Laser-enabled Starlink satellites can send, thru the vacuum of space, a data packet directly to the next satellite without having to bounce it off the ground. Result is a much faster data rate and reduced latency. Also allows getting data packets to another satellite if there is not a suitable ground station to bounce it off (say, over ocean or other no-ground-station area).
 
The non-laser Starlink satellites can only bounce signals from Earth to Earth. If a data packet need go farther, it has to bounce ground-orbit-ground-orbit-ground-orbit-... until it arrives.

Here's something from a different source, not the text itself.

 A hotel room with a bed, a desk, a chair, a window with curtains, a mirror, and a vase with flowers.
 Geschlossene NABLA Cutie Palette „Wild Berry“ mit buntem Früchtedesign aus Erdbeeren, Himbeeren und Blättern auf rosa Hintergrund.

Laser-enabled Starlink satellites can send, thru the vacuum of space, a data packet directly to the next satellite without having to bounce it off the ground. Result is a much faster data rate and reduced latency. Also allows getting data packets to another satellite if there is not a suitable ground station to bounce it off (say, over ocean or other no-ground-station area).
Not quite.

You need to remember that wireless bandwidth is constrained. There is no way Starlink would bounce the same data packet up and down through many satellite hops. The way it works normally is that a user terminal sends a data packet to the satellite, the satellite then relays it to a ground station which is an eight parabolic dish installation sitting on a 100 Gbps link to the Internet. From there it goes using ground fiber to the destination (which could be across the county). Remember fiber bandwidth is cheap, satellite bandwidth is expensive.

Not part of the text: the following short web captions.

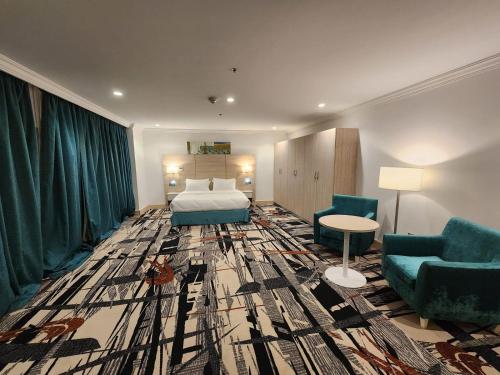 pokój hotelowy z łóżkiem i 2 krzesłami w obiekcie Helnan Royal w Dubaju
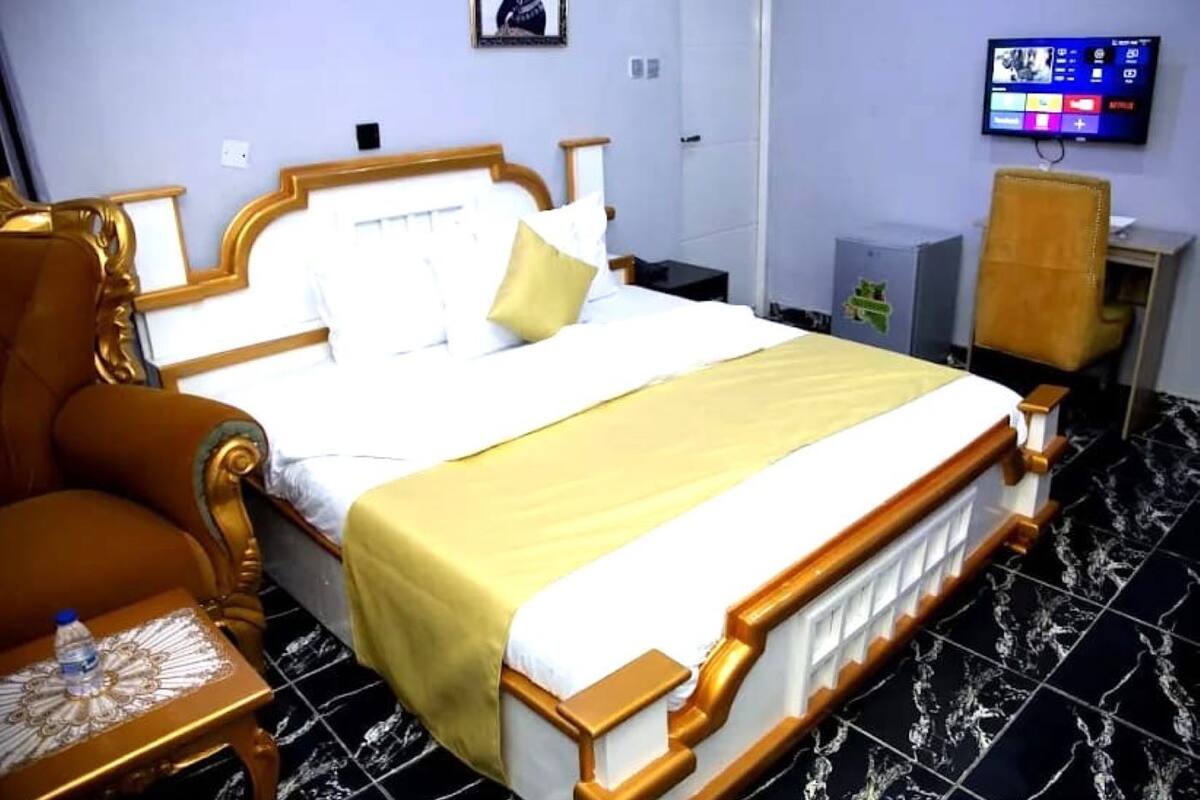 A hotel room with a bed, a chair, a small table, a television, and a picture on the wall.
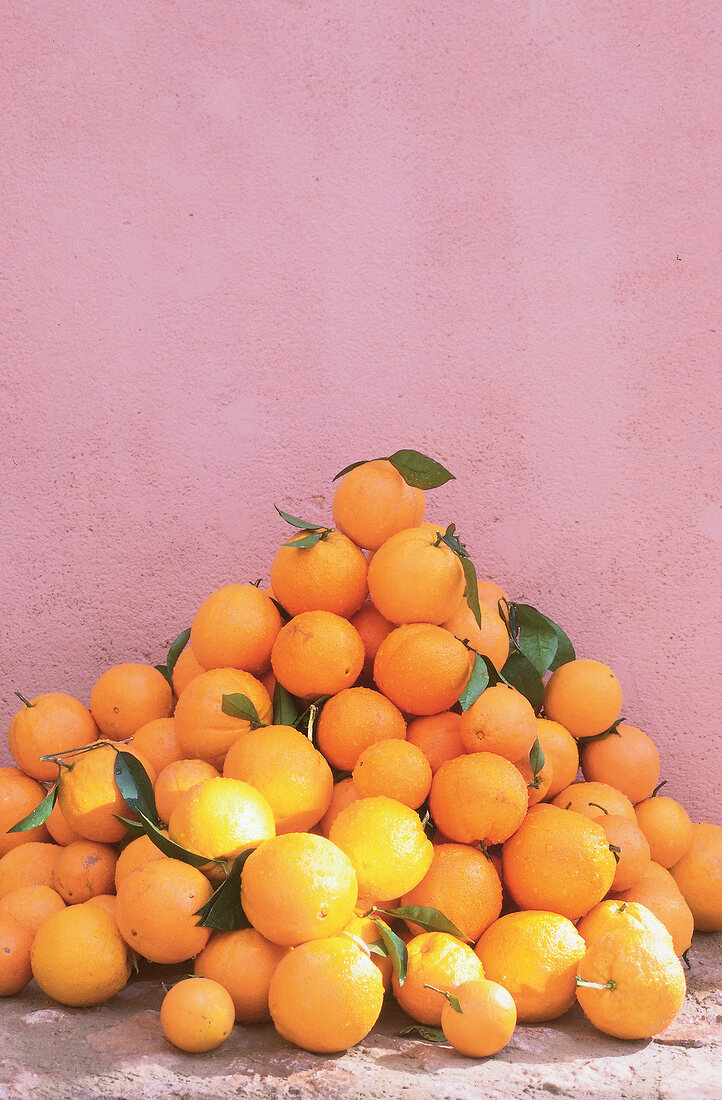 Ein Haufen Orangen in Form einer Pyramide vor rosa Wand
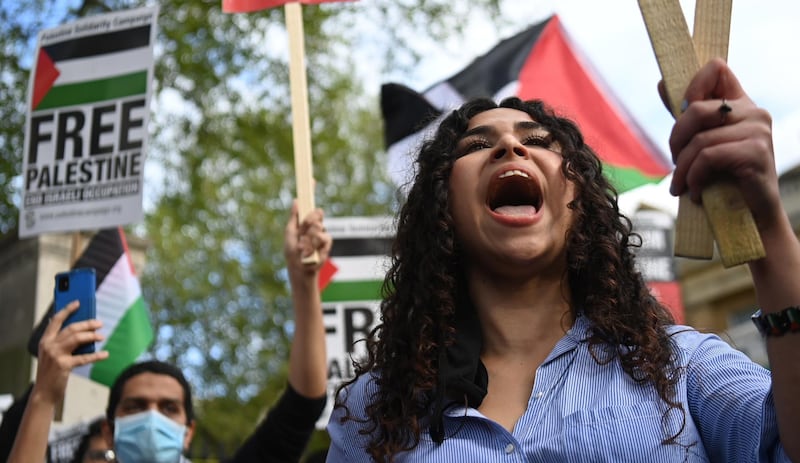 Supporters of Palestine attend a rally at Downing street. EPA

So, why lasers. Because there aren’t any 100 Gbps fiber links in the far arctic (and Antarctic), so there’s no ground stations to deliver the packet to. So to provide Starlink communication to such really isolated communities, the Starlink satellite relays the packet to the next Starlink satellite in its shell using point to point free optic laser until it gets to a Starlink satellite that can dump the packet off onto a ground station. This is also used for providing communications in the middle of the oceans.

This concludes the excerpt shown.